Do you ever read something that bothers you so much, even seemingly inconsequential and trivial, that for some reason you can’t shake it off? Another person might not give it a second thought, but it gets on your nerves and stays there.
I was informed the other day, by no less an authority than the venerated Wall Street Journal, that my fun and festive Christmas wreath is “tone-deaf.”
A recent piece I came across in the Journal real estate section was pretentiously headlined: “Why You’ll Want a Simple Wreath this Holiday.” (Few things get my goat more than being told by would-be trendsetters and tastemakers what I’m supposed to want. There’s no better way to get on my bad side right out of the starting gate.)
The upshot of this article was that your holiday decorating ought to match the tenor of the times—that is, it should be as dull, bleak, joyless and sterilized as 2020 itself. Over-the-top wreaths with big bows and shiny balls and other frou-frou are “tone deaf,” the article proclaimed. Instead, the wreath gracing your front door ought to be bland and monochromatic as…wheat.
No joke. As alternatives, the WSJ piece suggested stripped-down wreaths constructed from berries and a dried-wheat wreath from Pottery Barn as examples of the type of minimalist holiday cheer appropriate to 2020.
My tone-deaf wreath, according to WSJ
The dried-wheat wreath WSJ thinks I should have
Which would you rather look at?
There have been periods in the recent past when it was suggested that more understated and subdued holiday festivities were called for in light of national events. Two that come to mind are the post-9/11 season and the 2008-09 recession. In the case of the latter, Oprah sidelined her wildly popular and celebrated “Favorite Things” tradition.
You can choose to subscribe to a contrarian school of thought, which is that going all-out and over-the-top is the tonic we need in troubled times. You don’t have to go out and buy new stuff. But if you’ve already got the lights, ornaments, the mechanical lawn Santa and snowmen, why should you let them collect dust in the basement because some Scrooges in the print media say so?

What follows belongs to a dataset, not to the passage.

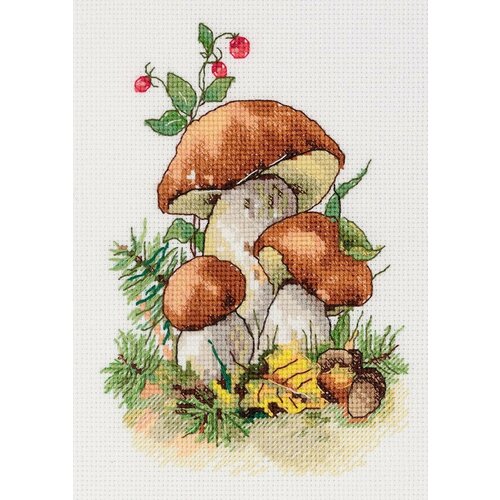 Набор для вышивания Klart 8-516 Белые грибы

Maybe carrying on—decorating, dressing, gift-giving, cooking and baking—same as we do every year is the biggest middle-finger we could give to this horror show of a year. It’s not like anyone is going to any big, boozy holiday soirees. At least not unless they’re a politician.
If understatement and minimalism suits your personal taste, then by all means, do you. There’s nothing wrong with that style. There’s nothing wrong with any kind of decorating. Unleash your inner Martha Stewart.

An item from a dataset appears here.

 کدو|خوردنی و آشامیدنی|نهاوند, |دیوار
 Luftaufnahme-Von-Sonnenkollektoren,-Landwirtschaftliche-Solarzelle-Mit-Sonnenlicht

I remember back a couple decades ago when the minimalism movement was in vogue. A woman I knew had an annual tradition where she bought a large real fir tree and invited her friends to a tree-trimming party at her Uptown condo. “When it comes to Christmas,” she declared, “I’m a maximalist.”
And wheat is for farmers.
Let’s raise a glass to big-ass bows, giant shiny balls, and flashy multicolored string lights. According to WSJ, my Christmas wreath is tone-deaf. With all due respect Wall Street Journal, take your dried wheat and stuff it.